Hukum Wanita Karir

Bismillah. Ustadz kalau menurut al-Qur`an dan hadits, perempuan yang sudah bersuami apakah diperbolehkan berkarir seperti mengajar atau lebih baik tinggal di rumah? Jazakallah khairan. 08950139xxxx
Berkarir di luar rumah atau dari dalam rumah bagi perempuan, diperbolehkan sepanjang tidak mengabaikan kewajiban pokoknya sebagai al-mar`atus-shalihah; istri yang shalihah.
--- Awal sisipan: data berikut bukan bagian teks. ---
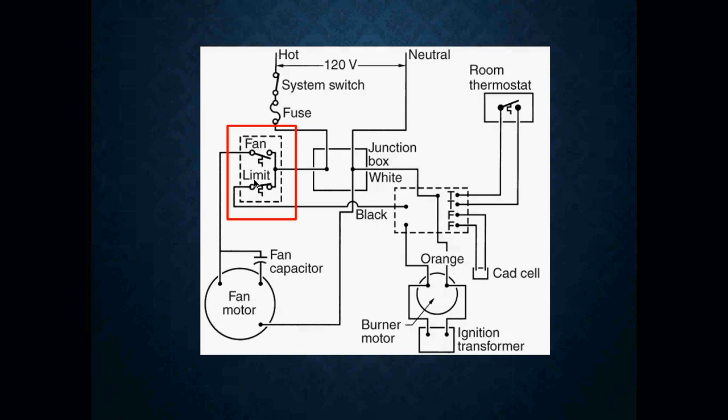Once my furnace has satisfied and the call for heat has ceased, my blower is still going to run for a period of time because I still have heat sitting inside my heat exchanger. It's going to run until my furnace reaches around 100 degrees. At approximately 100 degrees, my fan switch on my fan limit switch is now going to open, and when it opens, it shuts off my fan motor.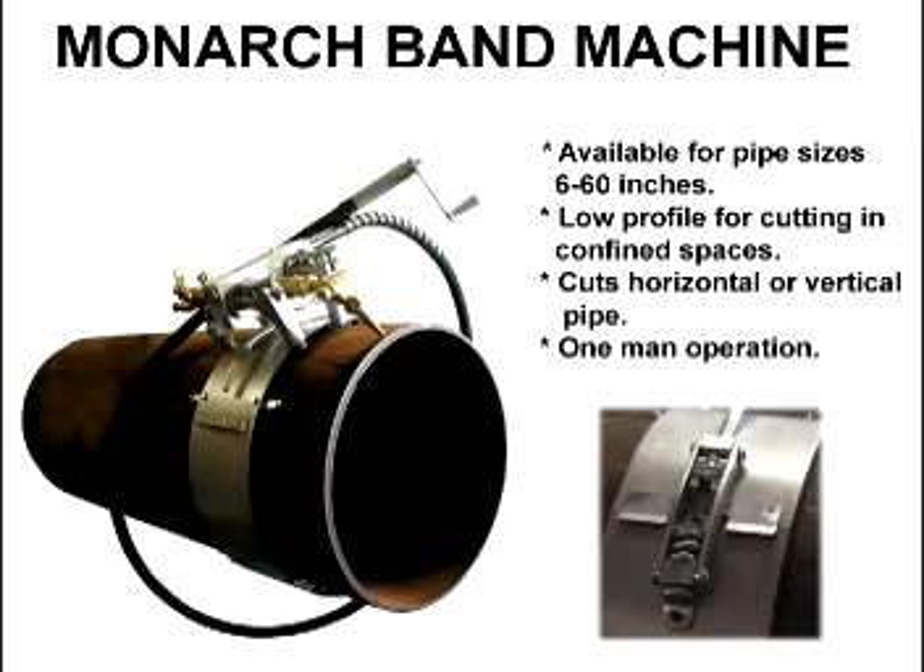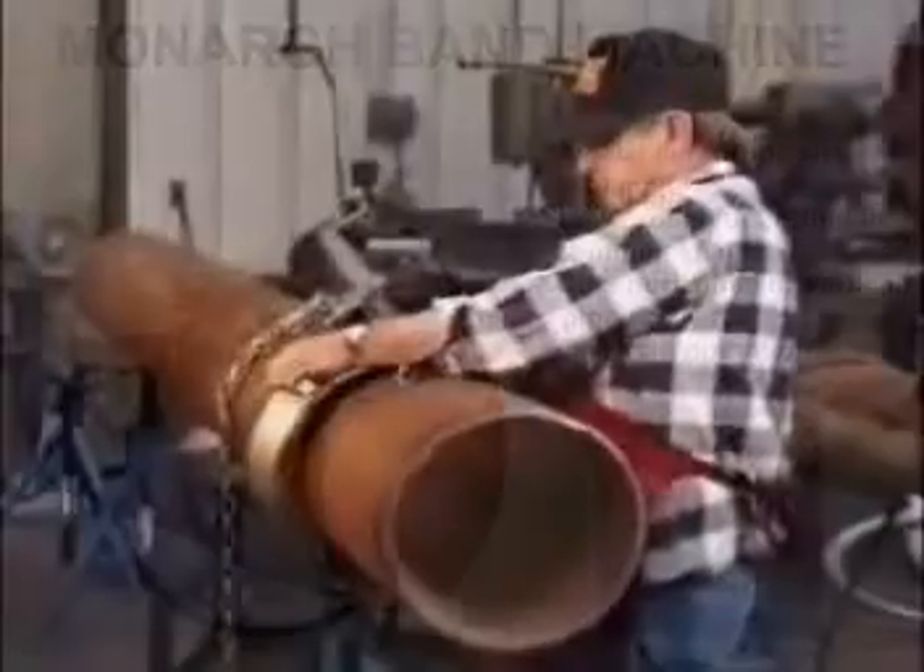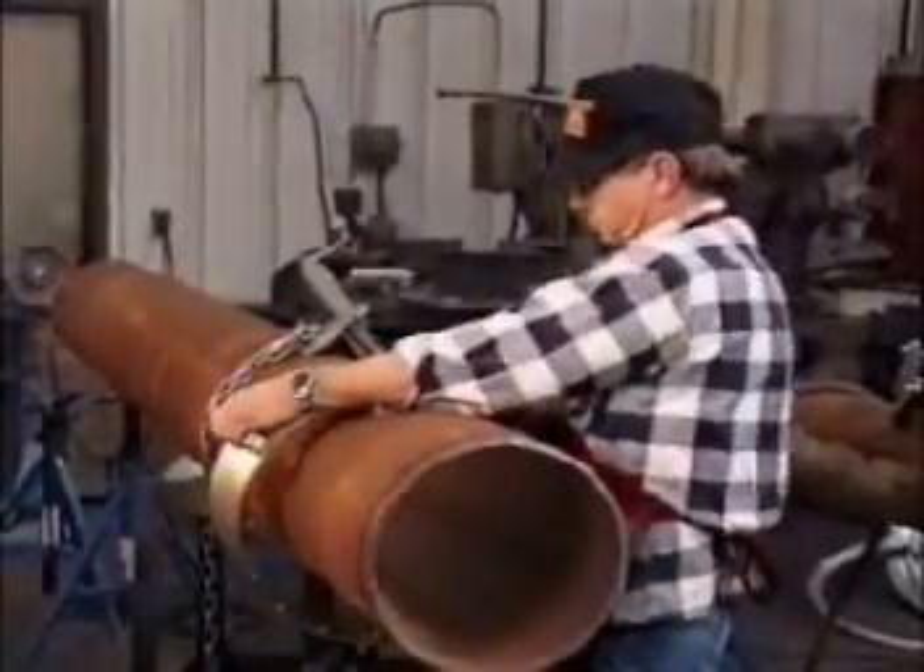The Monarch band machine is simple to set up and use. Place the band over the pipe to be cut, then fasten the latch. Loosen the leg set levers and screws and adjust the legs to fit the curvature of the band.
Sebagaimana dijelaskan dalam al-Qur`an:

الرِّجَالُ قَوَّامُونَ عَلَى النِّسَاءِ بِمَا فَضَّلَ اللَّهُ بَعْضَهُمْ عَلَى بَعْضٍ وَبِمَا أَنْفَقُوا مِنْ أَمْوَالِهِمْ  فَالصَّالِحَاتُ قَانِتَاتٌ حَافِظَاتٌ لِلْغَيْبِ بِمَا حَفِظَ اللَّهُ 

Kaum laki-laki itu adalah pemimpin bagi kaum wanita, oleh karena Allah telah melebihkan sebahagian mereka (laki-laki) atas sebahagian yang lain (wanita), dan karena mereka (laki-laki) telah menafkahkan sebagian dari harta mereka. Sebab itu maka wanita yang shaleh, ialah yang taat kepada suami lagi memelihara diri ketika suaminya tidak ada, oleh karena Allah telah memelihara (mereka)” (QS. an-Nisa` [4] : 34).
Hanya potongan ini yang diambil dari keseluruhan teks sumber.